Child Abuse and Mental Health Survivors Information - Issue #95
Back from break - a year older.
Thank you for reading the Child Abuse and Mental Health Survivors newsletter. Each week I share new blog posts and other resources that aim to help survivors of childhood abuse and those who are struggling with mental health issues feel less alone as we discuss the issues surrounding our issues. If you’ve tried to follow the resources I share on social media and find that the algorithm has decided for you to not show you the things we post, this is the best way to get caught up each week.
For more information about me and why this newsletter exists visit the website - Child Abuse Survivor.
Taking some time away was good. It was a nice break, a good time to spend with my wife, a chance to learn some history, and an opportunity to indulge in my favorite hobby, photography. Interestingly, I also saw this link while I was away and saw myself in it - The Powerful Benefits of Photography for Mental and Physical Health
If anything, that link reminds me that doing healthy things for ourselves might look different for many of us. I get physical exercise and an appreciation for the world around me by getting out with my camera gear and exploring. I’m never going to be a runner, yet I know a lot of folks who are. That’s their joy. That’s their self-care. The details of what you enjoy aren’t as important as just doing it. We all need self-care, and we all need to have things that we enjoy just for the sake of enjoying it. That’s how we keep from falling into despair. So, whatever your thing is, find some time to spend in it soon.
What’s your thing?
New from the Blogs
A long five years since I turned 50
If 50 was all about celebrating still being alive, 55 is more about just being tired. It feels old. It is getting harder and harder to find the things worth celebrating, but I know that they are still there. It just takes more work to focus on them than it used to.
Most importantly, I know that being alive at this age means I can still make a difference. I can continue to write and encourage others. I can continue to listen and support the people in my life. I'm still here.
Sharing - Teen Suicide: What Parents Need to Know
We have said often that the best prevention we can offer is to simply keep people connected to those around them. When you're talking about teens, staying connected to them as parents is vital. When it's a friend, another family member, an adult, a kid, etc. the best thing we can offer is staying connected with them.

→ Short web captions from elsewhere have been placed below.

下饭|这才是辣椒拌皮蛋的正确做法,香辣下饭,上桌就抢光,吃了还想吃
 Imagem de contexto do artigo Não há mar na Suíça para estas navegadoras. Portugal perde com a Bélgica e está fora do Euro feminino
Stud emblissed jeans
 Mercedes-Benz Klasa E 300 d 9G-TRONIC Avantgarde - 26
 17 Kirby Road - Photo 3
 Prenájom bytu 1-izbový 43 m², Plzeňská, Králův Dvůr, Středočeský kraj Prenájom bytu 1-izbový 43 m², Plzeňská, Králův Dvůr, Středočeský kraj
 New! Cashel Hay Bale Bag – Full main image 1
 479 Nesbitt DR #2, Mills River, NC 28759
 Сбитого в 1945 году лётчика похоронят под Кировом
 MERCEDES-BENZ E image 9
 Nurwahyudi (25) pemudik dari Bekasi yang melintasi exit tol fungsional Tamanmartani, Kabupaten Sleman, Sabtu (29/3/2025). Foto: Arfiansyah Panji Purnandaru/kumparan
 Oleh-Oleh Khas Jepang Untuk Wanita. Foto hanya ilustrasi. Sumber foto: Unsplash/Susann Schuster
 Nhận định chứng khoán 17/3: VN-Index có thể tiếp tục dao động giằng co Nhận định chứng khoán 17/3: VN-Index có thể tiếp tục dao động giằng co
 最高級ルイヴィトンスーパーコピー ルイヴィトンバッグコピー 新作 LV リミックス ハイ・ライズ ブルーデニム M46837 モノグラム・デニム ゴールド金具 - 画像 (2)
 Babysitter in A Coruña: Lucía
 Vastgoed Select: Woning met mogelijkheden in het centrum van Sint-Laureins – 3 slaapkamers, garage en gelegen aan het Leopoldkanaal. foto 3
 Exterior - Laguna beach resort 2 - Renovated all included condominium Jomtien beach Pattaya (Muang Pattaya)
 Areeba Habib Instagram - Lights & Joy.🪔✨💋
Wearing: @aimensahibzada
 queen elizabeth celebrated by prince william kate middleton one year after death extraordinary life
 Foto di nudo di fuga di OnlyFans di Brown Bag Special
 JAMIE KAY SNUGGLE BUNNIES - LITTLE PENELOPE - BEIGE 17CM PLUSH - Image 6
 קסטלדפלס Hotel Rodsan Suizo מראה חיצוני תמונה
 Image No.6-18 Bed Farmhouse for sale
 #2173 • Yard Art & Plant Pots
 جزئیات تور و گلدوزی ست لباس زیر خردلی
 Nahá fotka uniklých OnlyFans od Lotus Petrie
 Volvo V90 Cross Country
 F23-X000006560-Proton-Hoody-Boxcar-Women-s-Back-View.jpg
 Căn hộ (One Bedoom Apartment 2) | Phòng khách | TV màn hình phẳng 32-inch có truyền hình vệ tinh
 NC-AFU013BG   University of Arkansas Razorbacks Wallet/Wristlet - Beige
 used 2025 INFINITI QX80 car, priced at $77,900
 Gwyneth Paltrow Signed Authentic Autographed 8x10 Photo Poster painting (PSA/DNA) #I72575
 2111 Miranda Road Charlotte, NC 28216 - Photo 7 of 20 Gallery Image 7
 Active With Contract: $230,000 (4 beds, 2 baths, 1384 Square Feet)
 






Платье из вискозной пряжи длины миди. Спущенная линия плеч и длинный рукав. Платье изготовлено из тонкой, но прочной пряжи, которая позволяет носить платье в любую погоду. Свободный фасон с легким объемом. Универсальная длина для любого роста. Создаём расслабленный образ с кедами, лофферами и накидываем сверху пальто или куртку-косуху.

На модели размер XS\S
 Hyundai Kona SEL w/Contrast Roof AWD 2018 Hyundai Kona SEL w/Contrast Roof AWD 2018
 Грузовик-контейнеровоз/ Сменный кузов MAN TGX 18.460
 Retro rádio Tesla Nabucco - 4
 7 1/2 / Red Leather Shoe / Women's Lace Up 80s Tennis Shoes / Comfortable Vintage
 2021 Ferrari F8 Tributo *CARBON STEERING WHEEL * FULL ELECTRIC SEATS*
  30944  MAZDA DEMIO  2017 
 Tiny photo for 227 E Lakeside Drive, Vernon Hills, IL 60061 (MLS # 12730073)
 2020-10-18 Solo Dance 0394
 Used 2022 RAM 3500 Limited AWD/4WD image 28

That connection, that knowledge that they are not, in fact, going through this pain alone can make all the difference.
Sharing - Pay attention to the chameleon kids
Jake describes the risk of these kids growing up to be people pleasers. I'd go one further. Not only did I grow up as a people pleaser, but I also had zero sense of self. Without someone to react to and to become the person they wanted me to be, I was no one. I tell people this often but I spent more time in therapy figuring out who I am than I spent trying to process childhood trauma and that was a direct result of growing up as this chameleon kid.
Shared from Elsewhere
Laughter is good for our mental health - 5 Health Benefits of a Good Laugh
Also:
Guys, we need to be better:
I write often about physical and sexual abuse, but I found a lot of good information about neglect here - All you need to know about the Long-Term effects of Child Neglect
How To Establish Healthy Boundaries - always an important topic.
Some more resources you might find helpful:
Finally, a reminder that correlation is not causation. The connection between social media and mental health is much more complicated than headlines would have us believe. - Child depression rates are skyrocketing - but social media isn’t to blame. Here’s why
From the Archives
Leaving an Impression – Lessons from Otis Redding
The simple truth of life is that someday, we will be interacting with the people who are important to us for the last time, and most of us will not have any idea that it is the last time.
How We Make It Harder For Kids to Tell
We celebrate and talk about killing abusers but is that just adding more trauma to victims and something that discourages them from telling?
It’s when we see other people as being “less than” that we see all sorts of abusive, anti-social, and sometimes violent behavior. In general, we don’t treat other people that way when we are looking out for their best interests.